IBM/Chartered alliance keeping partners happy, suppliers anxious

from WaferNews, V12n38, October 10, 2005

by Dr. Paula Doe, Contributing Editor
by James Montgomery, News Editor

While the common 90nm-65nm platform announced by IBM, Chartered, and Samsung on Sept. 22 aims to offer users the clear benefit of multiple manufacturing sources for a single design, and help fabless design houses better match the IDMs in designing for manufacturability, it’s less clear how much of an impact such cooperative partnerships of big chip manufacturers will actually have on suppliers. In fact, after three years, the partnership’s most impressive accomplishment actually may be that the participants are still happy with each other.

“It’s really interesting that they have been able to pull it off,” echoed Risto Puhakka, president of VLSI Research. “One of the big hurdles in a two- or three-way partnership is that the parties need to feel that they are getting more out of being in a partnership than being alone.”

One very big endorsement to the alliance, Puhakka noted, is that Samsung has discontinued its own independent process development efforts in logic, including design, to align them with the consortium. Gartner Dataquest analyst Dean Freeman added that Sony and Toshiba, working with IBM on Cell technology, could potentially apply the common platform for different applications, e.g., set-top boxes and gaming systems.

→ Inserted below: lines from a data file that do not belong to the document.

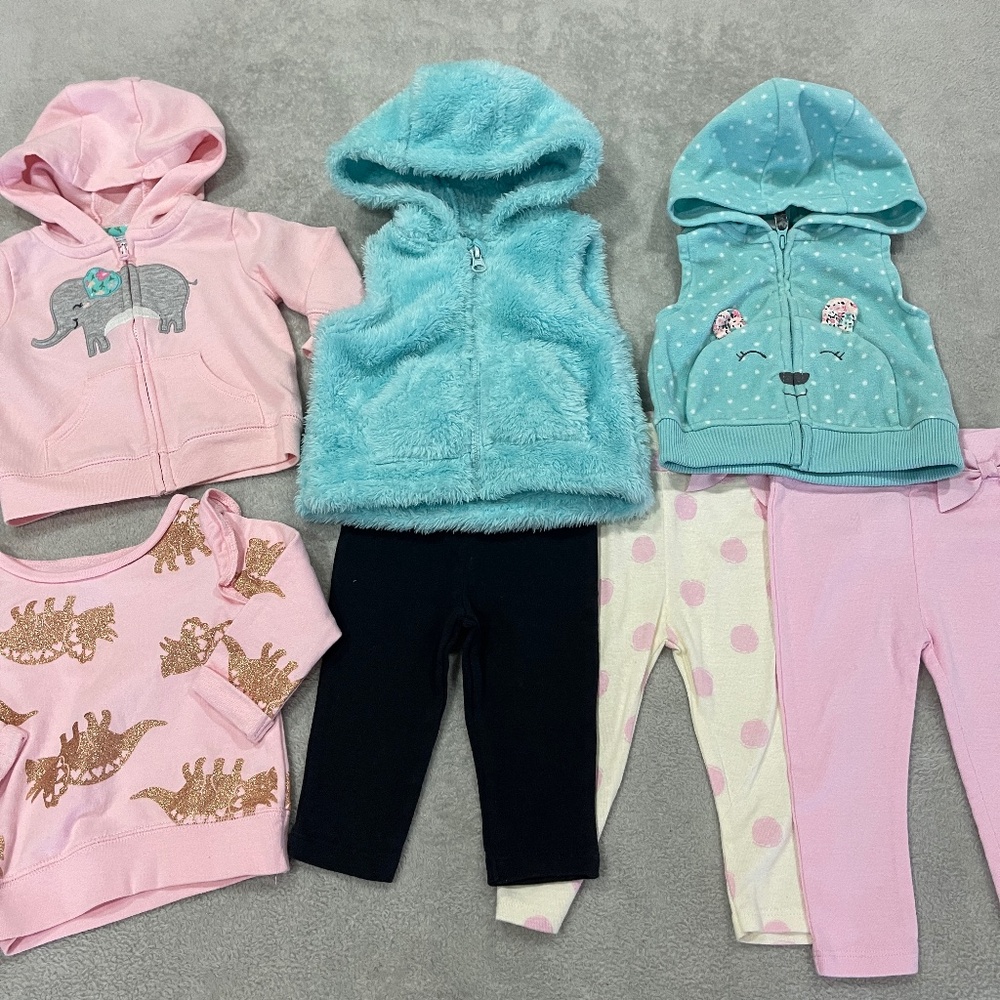 Baby Girl Size 3-6 Months Bundle- Vests, Pants and Sweatshirts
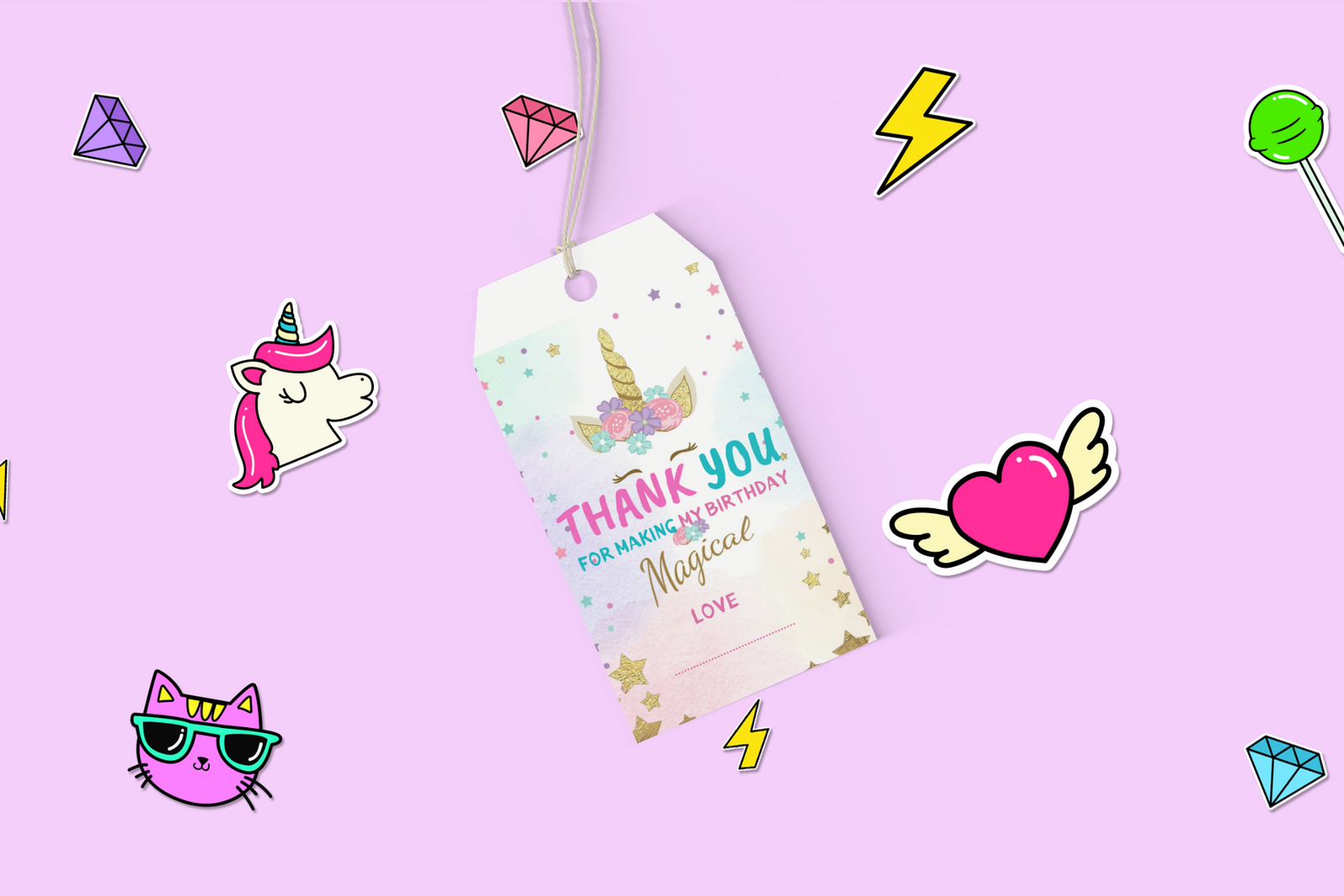 Unicorn Theme Birthday Favour Tags - Model 1 (2 x 3.5 inches/250 GSM Cardstock/Multicolour/30Pcs)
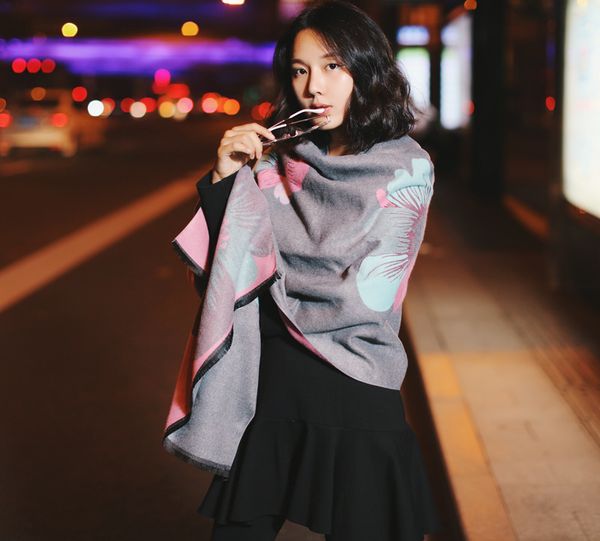 

fashion-imitation cashmere scarf the lady spring and autumn edition of korea goes withhick coat warm l winter shawl dual purpose, Blue;gray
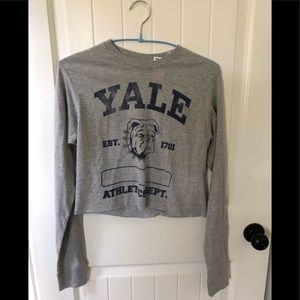 YALE Long Sleeve Crop Top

Chartered officials showed a slide of what the alliance hopes will be another benefit for participants: combined capital spending budgets far exceeding single chipmakers such as Intel and TI, or other alliances such as Crolles. “The opportunity for suppliers is to communicate with the members as a group,” said John Martin, Chartered’s VP of strategic alliances. “The potential is that the common platform and the common development partners are involved in tool selection for development, so the potential for identical or very similar implementation is reasonably high. [Working with the alliance] provides attractive capacity for development and the possibility deployment by multiple users.” He noted, however, that the “copy smart” strategy allows some room for adjustment, for example when there’s a more recent generation of the tool, or when a particular supplier has much better support in one region of the world.

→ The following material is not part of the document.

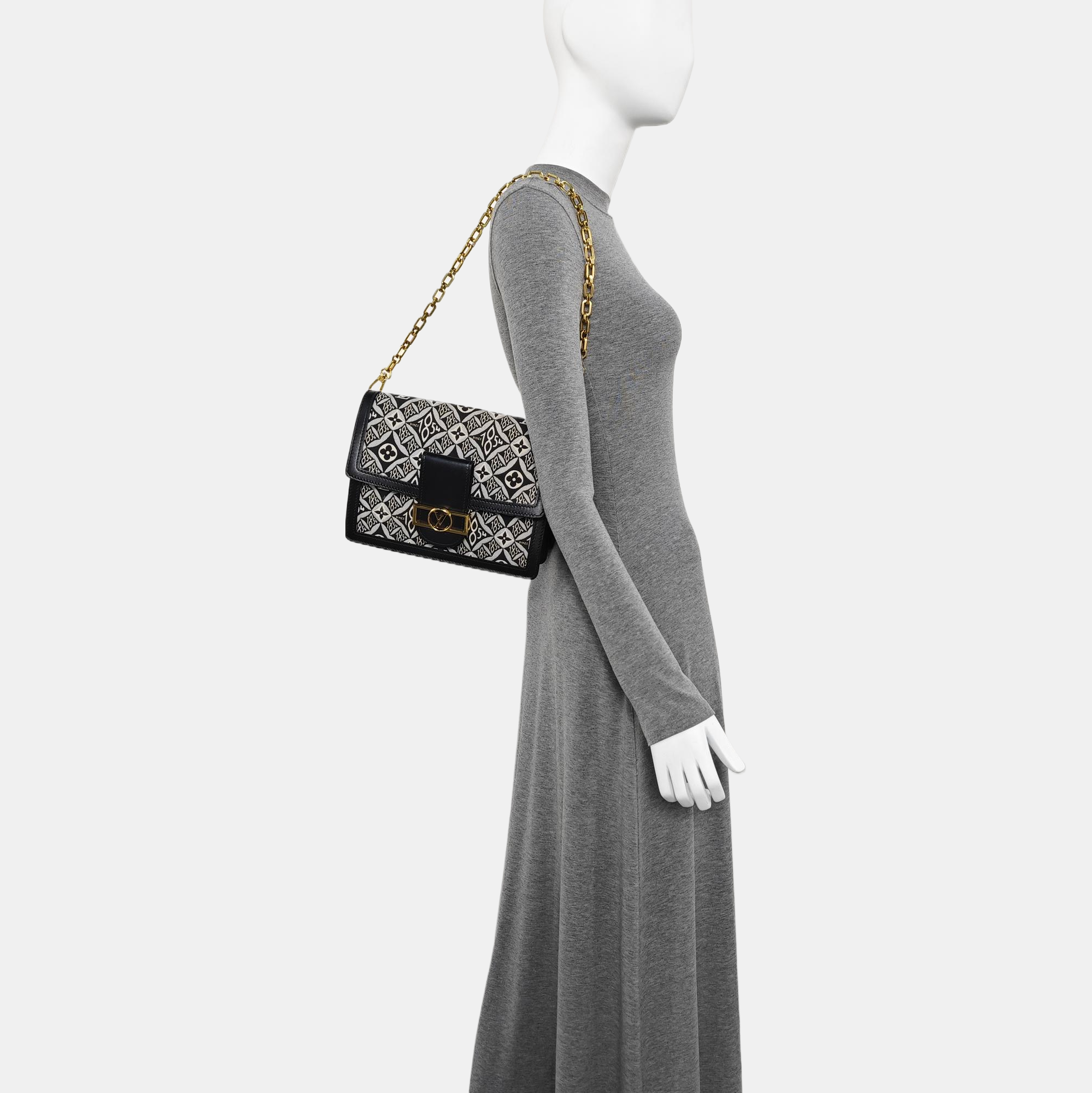 DAUPHINE MM Monogram Fabric Gray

The IBM/Chartered “copy smart” philosophy means that the bulk of the equipment set is probably identical, although there may be small differences in noncritical equipment, said Freeman. “For equipment suppliers, that’s a bad thing: fewer places to show your wares, and fewer people to buy them,” he said. There will be more consortia-style projects due to chipmakers’ desire to balance R&D dollars and minimize risk, he predicts, creating further division among semiconductor equipment manufacturers who will need to get their equipment ready for R&D even sooner. “If you’re serious about being in the 45nm race, you’d better have a piece of equipment that is working on 45nm right now” either in place at an R&D fab or running internal demos, Freeman said. Suppliers that can’t or won’t work with large consortia “will find business with niche players or small foundries,” but that’s a limiting proposition since the top 10% of chip manufacturers account for 80% of industry capex.

Puhakka noted that partnerships really getting leverage on their capex will require a much higher level of collaboration. “That means going to ASML and saying they need four immersion steppers, shipped on specific dates and at specific prices,” said Puhakka. “For now they may need four, but not at the same time. That kind of breaks leverage out of the whole deal.”

The partners apparently have managed to work together to ramp up 90nm production with impressive efficiency. Chartered’s Martin noted that while Chartered shipped its first 90nm revenue product in the June quarter, it projected 22% of its total revenues would be from 90nm in the September quarter. By contrast, the company’s initial revenues from ramping 130nm production increased at only about 3% per quarter, from 2% of revenues in 1Q03, to 10% in 4Q03.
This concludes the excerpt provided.